Of all our locations during the IPPE month, the Sterile Products Area (SPA) worried me the most. We would be required to fill IV bags with medicines that would go to an actual patient in the hospital. Sure we learned and demonstrated aseptic technique during the lab class, but this was real. Messing up in here could lead to an infection in the patient or overdose or underdose. There are a lot of ways to be wrong when filling IV bags or syringes.
Going into the room was just as predicted. No ties or jewelry. Put on the bonnet, face mask and shoe covers. After a thorough hand/forearm washing, you don the gown and step into the sterile area. Apply some alcohol to your hands in case you missed anything and put on the special, tight, sterile gloves. Oh and some more alcohol. Essentially, in the SPA the answer is always alcohol. Now you are ready to get to work.
After collecting a long list of medication orders, you fill a table with the appropriate drug and bag. Then you start filling. Now at the table, more aseptic procedures prevent contamination. In lab, we worked with a horizontal air flow. Nothing should get in between the filter and their products. In this hospital, we had a vertical air flow, so nothing should be above the needle or bags. This includes your hands. Clean your area with some alcohol, spray your gloved hands, and the ports on the vials and bags. Now you are ready to stick a needle into the vial. After withdrawing the correct amount, inject that into the IV bag of normal saline or dextrose. At all times, remember the air flow comes from above. If you accidentally pass over the bag, spray the port with some alcohol. Finally, cap your needle and put into the sharps container. Place the label on the bag and hand it off to the pharmacist.

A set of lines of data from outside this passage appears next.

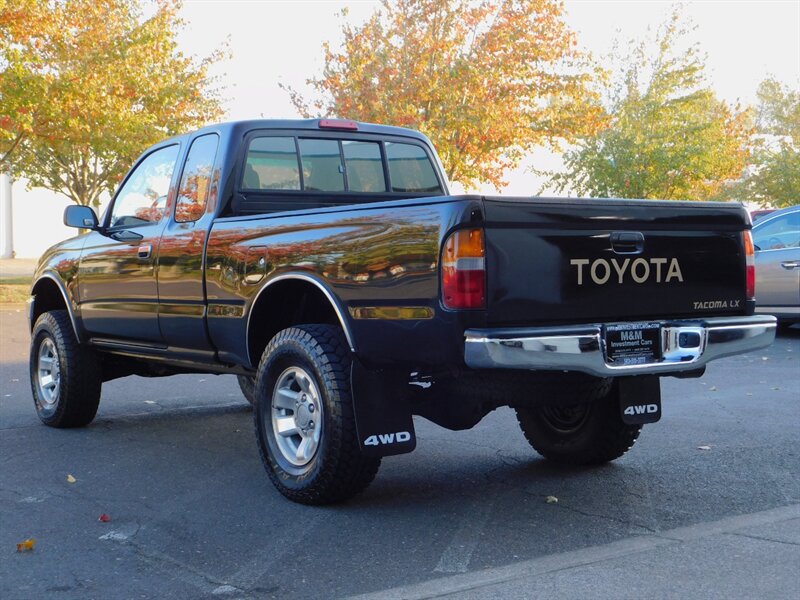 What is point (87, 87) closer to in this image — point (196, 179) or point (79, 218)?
point (79, 218)

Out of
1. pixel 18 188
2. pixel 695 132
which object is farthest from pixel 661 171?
pixel 18 188

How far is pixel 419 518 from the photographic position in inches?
200

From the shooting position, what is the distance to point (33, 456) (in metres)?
6.54

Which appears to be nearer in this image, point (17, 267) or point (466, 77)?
point (466, 77)

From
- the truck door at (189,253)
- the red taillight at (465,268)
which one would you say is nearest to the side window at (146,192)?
the truck door at (189,253)

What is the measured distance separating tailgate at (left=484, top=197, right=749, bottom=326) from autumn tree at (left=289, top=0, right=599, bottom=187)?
18413 mm

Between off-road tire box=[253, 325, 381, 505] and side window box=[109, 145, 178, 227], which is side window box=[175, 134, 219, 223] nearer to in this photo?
side window box=[109, 145, 178, 227]

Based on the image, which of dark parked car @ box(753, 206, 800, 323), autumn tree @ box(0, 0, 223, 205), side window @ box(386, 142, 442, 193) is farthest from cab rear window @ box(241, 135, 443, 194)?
autumn tree @ box(0, 0, 223, 205)

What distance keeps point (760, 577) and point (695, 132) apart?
94.6 ft

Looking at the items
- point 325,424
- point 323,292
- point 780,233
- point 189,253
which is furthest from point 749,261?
point 780,233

I was really nervous for the first couple of bags, but I had no problems and started to move along. We did some reconstitutions by adding sterile water for injection into a vial of dry powder before putting it into the bag. We used a transfer needle which squeezes the bag's fluid into the vial, mixes the solution and passes the medicine into the bag. Everything was moving along until my partner had a major accident. While I was dutifully removing air bubbles from the syringe, a rather large needle went flying past my face along with a few choice words. She had accidentally stuck herself in the thumb. Before I could turn around, she was gone. There wasn't much I could do other than clean up the area and finish my batch. I felt really bad for her.

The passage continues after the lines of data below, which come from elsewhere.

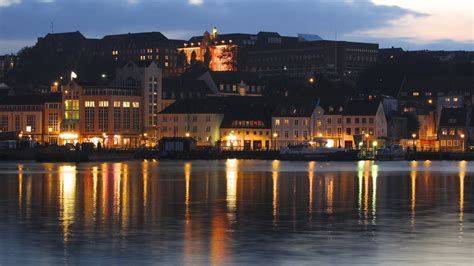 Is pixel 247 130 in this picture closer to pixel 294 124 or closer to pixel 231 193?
pixel 294 124

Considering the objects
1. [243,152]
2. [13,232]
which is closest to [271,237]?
[13,232]

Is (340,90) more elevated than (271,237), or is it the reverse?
(340,90)

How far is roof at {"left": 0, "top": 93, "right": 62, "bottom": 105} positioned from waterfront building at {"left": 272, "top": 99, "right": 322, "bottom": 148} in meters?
37.4

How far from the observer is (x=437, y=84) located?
16775 cm

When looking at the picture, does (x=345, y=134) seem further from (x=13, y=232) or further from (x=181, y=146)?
(x=13, y=232)

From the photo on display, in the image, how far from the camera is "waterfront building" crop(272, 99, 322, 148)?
139 meters

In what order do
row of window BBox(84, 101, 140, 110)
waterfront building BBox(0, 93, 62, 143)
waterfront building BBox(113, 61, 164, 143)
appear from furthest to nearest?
waterfront building BBox(0, 93, 62, 143), waterfront building BBox(113, 61, 164, 143), row of window BBox(84, 101, 140, 110)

All of that was before lunch. After our lunch meeting, I came back to the SPA to work with the pharmacist. We checked the bags that the technicians (including me) filled. You check the contents of the bag, the drug from the vial and the volume from the syringe. Everything must match up to the order before putting your legal initials on the label. We went to the nutrition area to check the TPN (total parenteral nutrition) for the patients that can't eat. A lot of products do into a yellow fluid to provide calories, carbs, proteins and fats to an unconscious patient - also a lot for babies in the NICU.
Some IPPE students that the other hospitals throughout the state spent an entire week in the IV room. We worked in the SPA for one morning, about 3 hours. I would have liked more time to fill IV bags and use the aseptic technique we worked on. But I don't know what I would have wanted to give up more time there. The SPA technique is complicated, but a simple checklist helps prevent you from missing anything that might hurt a patient. I believe I would be comfortable as a pharmacist in the IV area. You have to know a lot about compatibility between the drug and the fluid. A lot can go wrong in the area, but you definitely use a lot of the knowledge you accumulate in pharmacy school.